Don't forget a boot drier -- the weird plastic thing made of two tubes on a little stand. Plug it in, and warm air oozes up and into the boots; dries them slowly overnight every time. Take the removable insoles out first. If the boots didn't come with a pair, get some Dr. Schols -- your feet stay warmer and the arch is supported and cushioned.


----------



## RandyMac (Jan 15, 2013)

I did the cup of hot water in each boot and walked them dry, it worked well enough. My first set of calks were Buffalos, they were pretty much shredded in a year, they did see a lot of very hard use and went to several fires, I think that accelerated the wear. I went with White's after that, needed a rebuild every other year, I had three pairs in the rotation.
I rarely wore calks in the Sierras, too much rocky ground.


----------



## 4x4American (Jan 15, 2013)

Good input everyone!

Question- this job requires falling and equipment operation, I think it'd gonna be a little weird driving a skidder or a forwarder or a feller buncher with calks no?


----------



## 4x4American (Jan 15, 2013)

TreeGuyHR said:


> Don't forget a boot drier -- the weird plastic thing made of two tubes on a little stand. Plug it in, and warm air oozes up and into the boots; dries them slowly overnight every time. Take the removable insoles out first. If the boots didn't come with a pair, get some Dr. Schols -- your feet stay warmer and the arch is supported and cushioned.



oh believe you me i got one and love it


----------



## Gologit (Jan 15, 2013)

4x4American said:


> Good input everyone!
> 
> Question- this job requires falling and equipment operation, I think it'd gonna be a little weird driving a skidder or a forwarder or a feller buncher with calks no?



More than a little. If you're going to be on a machine all day you need a plain sole...Vibram or something similar.


----------



## 4x4American (Jan 15, 2013)

Gologit said:


> More than a little. If you're going to be on a machine all day you need a plain sole...Vibram or something similar.



yea reckon ill wear my chippewars if im gonna be operatin all day. I'll have to see how it goes with that company, bossman said everyone runs everything so I dont know how that works only time will tell...definitely wont be driving my truck out there in my calks haha


----------



## Gologit (Jan 15, 2013)

If I'm falling and I have to move my pickup I just move it, calks and all. I might have to move the pickup two or three times a day and messing with boots takes too much time. I keep an old mudflap on the floorboards and as long as you're careful you won't scratch up the pedals too much.

Also, a piece of plywood in the bed and a piece on the inside of the tailgate helps a lot.


----------



## 4x4American (Jan 15, 2013)

Gologit said:


> If I'm falling and I have to move my pickup I just move it, calks and all. I might have to move the pickup two or three times a day and messing with boots takes too much time. I keep an old mudflap on the floorboards and as long as you're careful you won't scratch up the pedals too much.
> 
> Also, a piece of plywood in the bed and a piece on the inside of the tailgate helps a lot.

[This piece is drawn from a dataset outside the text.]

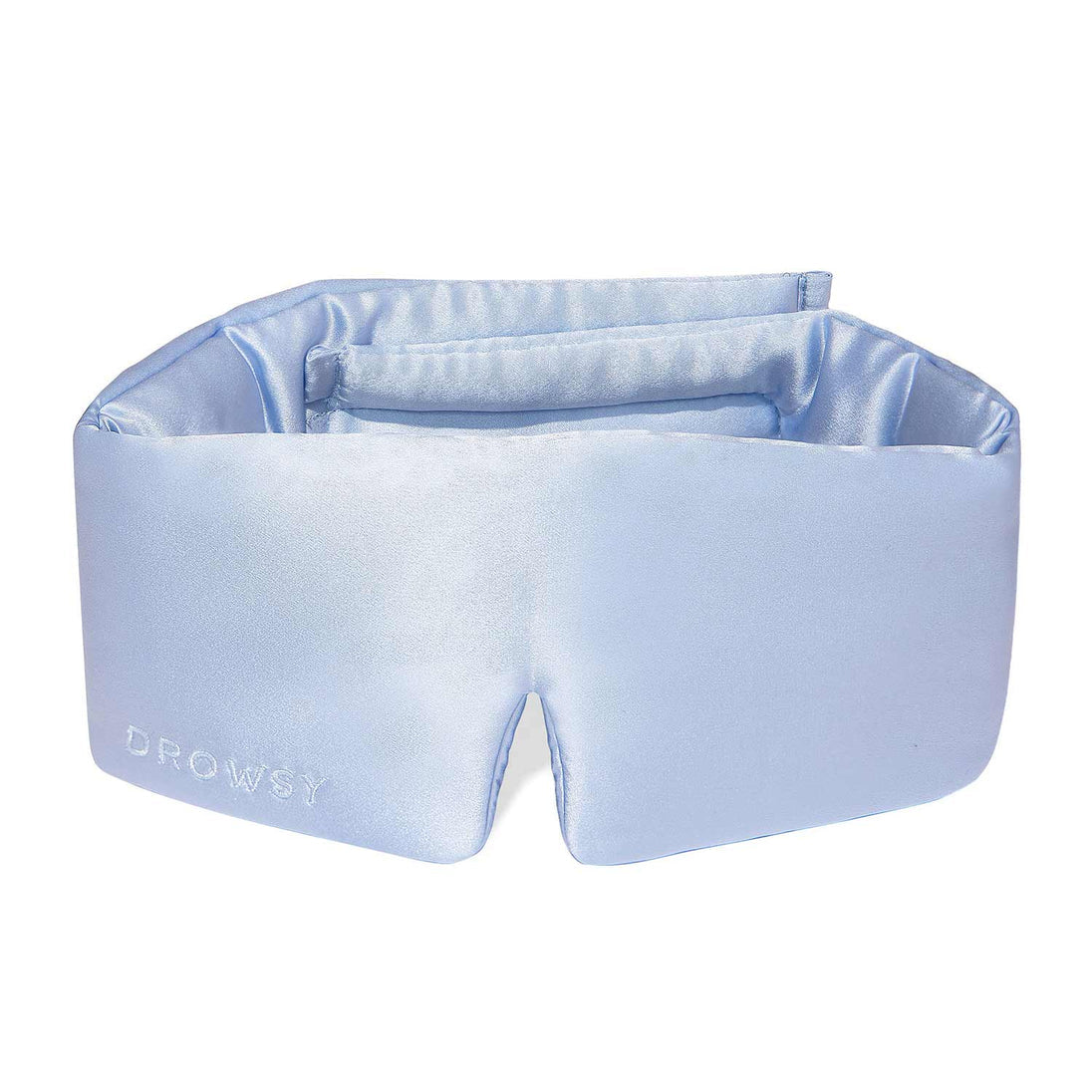 Masque de Sommeil en Soie Luxueux – RelaxMask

Yup, I am a firm beliver in plywood for a bed liner. I work outta my truck right now and I have a piece of plywood I keep on the tailgate which makes for a nice workbench. I can also write down part numbers and to do lists and stuff so I like it. Also is helpful to keep a spare key under the plywood.


----------



## 1270d (Jan 15, 2013)

Do any of the boot companies you folks mentiioned offer a kevlar lined boot? Reason im asking is because our insurance co requires chainsaw ops to wear kevlar footwear. Whether that be kev socks or boots. I hate the socks so boots are the route I've gone. Matterhorn are what I've worn but from what you people have said it looks like I get really poor life out of them. Maybe a year and a half constant sawing.

Any recommendations?


----------



## OlympicYJ (Jan 15, 2013)

I've worn calks all day long in a truck. Scratches the metal by the door seal but it's no biggie, floor mats keep em from screwin up the floorboard. Get to the first job then put em on and leave em on till visited the last landing for the day then take em off for the drive back to the office. Your calks can stick on the rubber sometimes so takes gettin used to.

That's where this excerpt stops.